About

My story

I should probably start by saying what this space is not.

It is not a guide. It is not a blueprint. It is not a promise that if you follow certain steps, life will open itself neatly in front of you.

This is something simpler and, I think, more honest: it’s a place where I’m learning out loud.

My name is Ashika Mehta-Ombe, and I’m a mother of 3, a filmmaker in training, a lifelong wanderer, and a woman who spent most of her adult life moving so fast she forgot to notice who she really was.

Where I come from

I was born in Plymouth, England, to Indian parents who carried the weight and beauty of two cultures at once. Next stop was the UAE, where we lived for about six years. Every summer we’d go back to India to be with our extended family, and those years hold the fondest memories of my life. Between all the love of my aunts, uncles, grandparents, and cousins, there was food, culture, and smells I still try to replicate when I need to go back to a safe space in my memory.

When I was ten, we moved to the United States, and I grew up learning how to belong in rooms that didn’t always feel like mine. Our visits to India became less frequent after that, but the India that was carved into my heart would never leave.

By the time I was a teenager in America, I had already lived across three continents. I didn’t know it then, but that restlessness, that constant reinvention, would become one of the defining patterns of my life.

In college, I met my husband, a Nigerian-American man whose own story of straddling cultures mirrored mine in ways that surprised us both. We got married, built a life in New Jersey, and had all three of our children there.

I spent about fifteen years working in drug development operations. A career I was good at. A career that paid well. A career that looked impressive on paper. And for a long time, that was enough.
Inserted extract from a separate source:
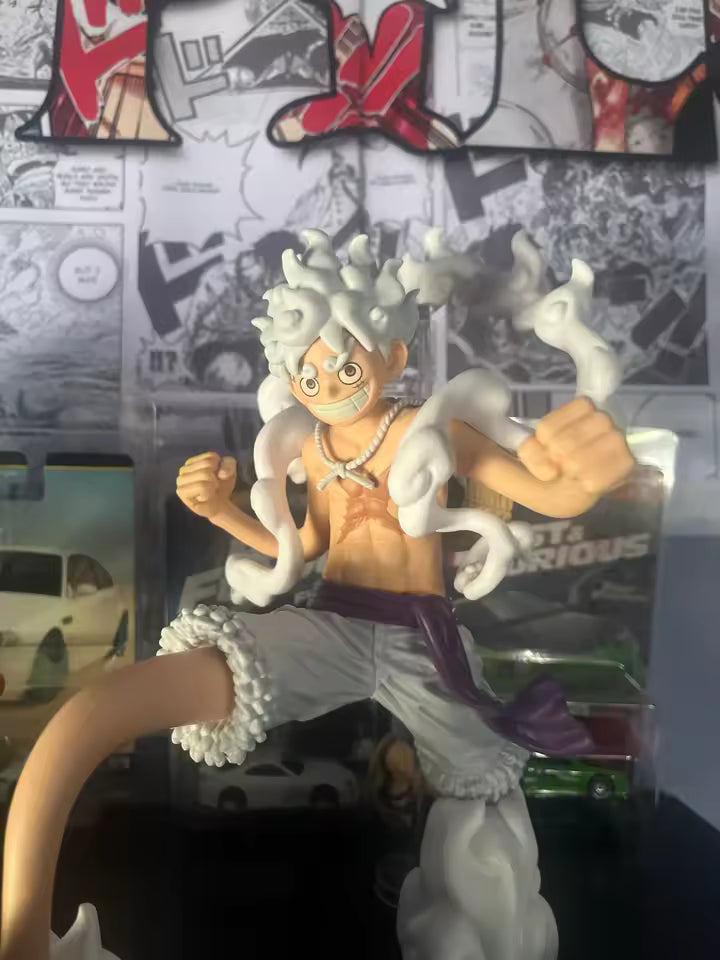 Figura de acción Monkey D. Luffy Gear 5 - Linea Grandista (Banpresto) exhibida frente a fondo de manga, destacando su diseño detallado y expresivo.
The move that changed everything

In 2021, we moved to San Diego. Then in 2023, we moved to Barcelona.

If I’m being honest, Barcelona is where I started to wake up. Not because the city fixed anything, but because the slower rhythm of life here gave me space to finally hear what had been quietly asking for my attention for years.
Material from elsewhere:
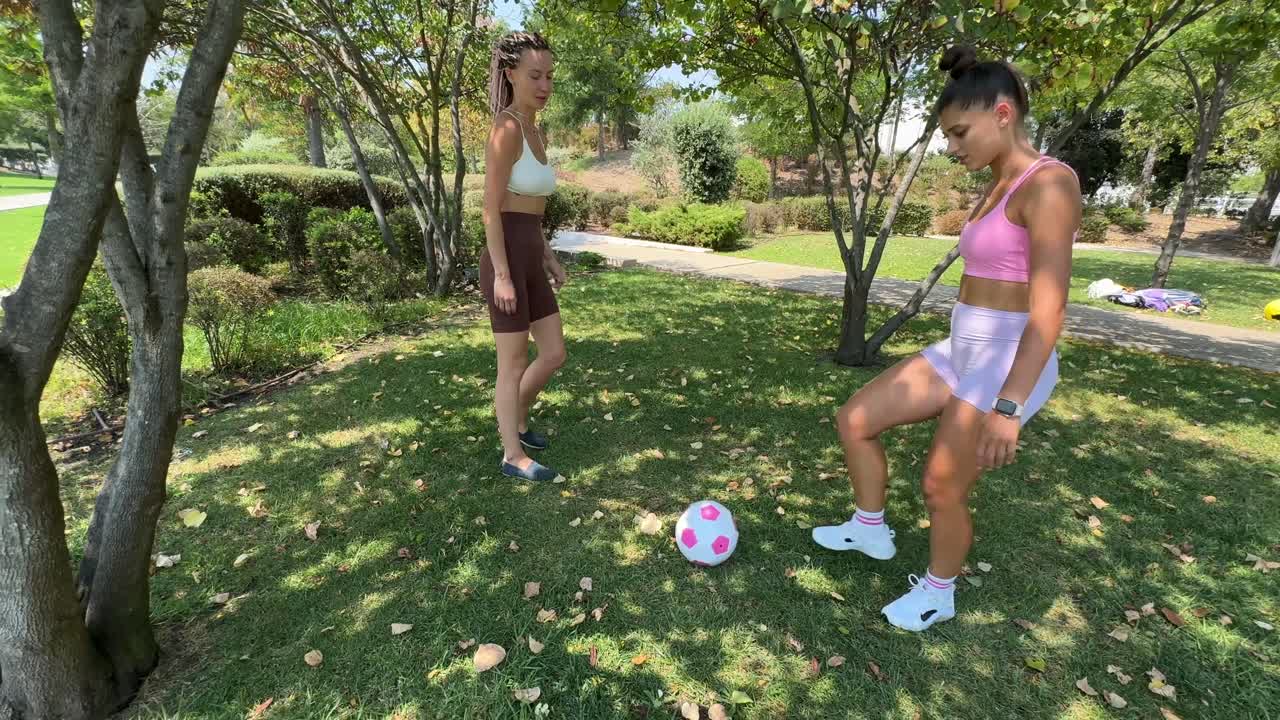 Two women playing soccer in the park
Who am I outside of my career? Who am I beyond “mom”? What would I do if I wasn’t constantly trying to keep up?

These are the questions this space was built around.

What I’m doing now

I’m still working. I’m at the office a few days a week, and the rest of my time belongs to my children, my marriage, and this slow, deliberate work of becoming more of myself.

I’m learning documentary filmmaking because I believe in the power of real stories told with care. I’m learning photography with a real camera, not just my phone, because I want to see the world more intentionally. I’m exploring fashion and skincare as a way to honour my body as it is, not as I wish it were. I’m traveling slowly with my kids and on my own, and writing about what I notice along the way.
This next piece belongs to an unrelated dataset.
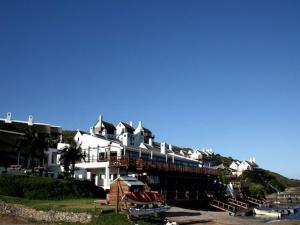 a large white building on a hill next to the water at Breede River Lodge in Witsand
None of this is polished. None of it is finished. That’s the point.

What this space is for

Rewriting Me is for any woman who has felt that she is running out of time and cannot find where she belongs.

If you are a mother, a daughter, a third-culture soul, someone standing at the edge of a life that looks good but feels unfinished, or simply a human wondering what all of this is for, I want you to know this:

You are not late. You are not broken. You are not the only one asking these questions.

I write about motherhood through every lens I carry, as an Indian woman, a British-born American, a wife to a Nigerian-American man, and a mother raising three mixed-heritage children in Spain. I write about midlife not as a crisis but as a kind of clarity. I write about the slow, imperfect work of choosing yourself without abandoning the people you love.

This space does not offer certainty. It offers company.

A note to you

I am learning to live among my memories rather than around them. To let food, culture, grief, joy, and longing sit at the same table without needing to resolve one into the other.

If nothing else, I hope these words remind you that belonging is not something we earn by getting it right. Sometimes, it’s something we find simply by telling the truth.

Take what resonates. Leave what doesn’t. Let it sit beside your own lived experience.

Welcome to my corner of the internet where I am Rewriting Me.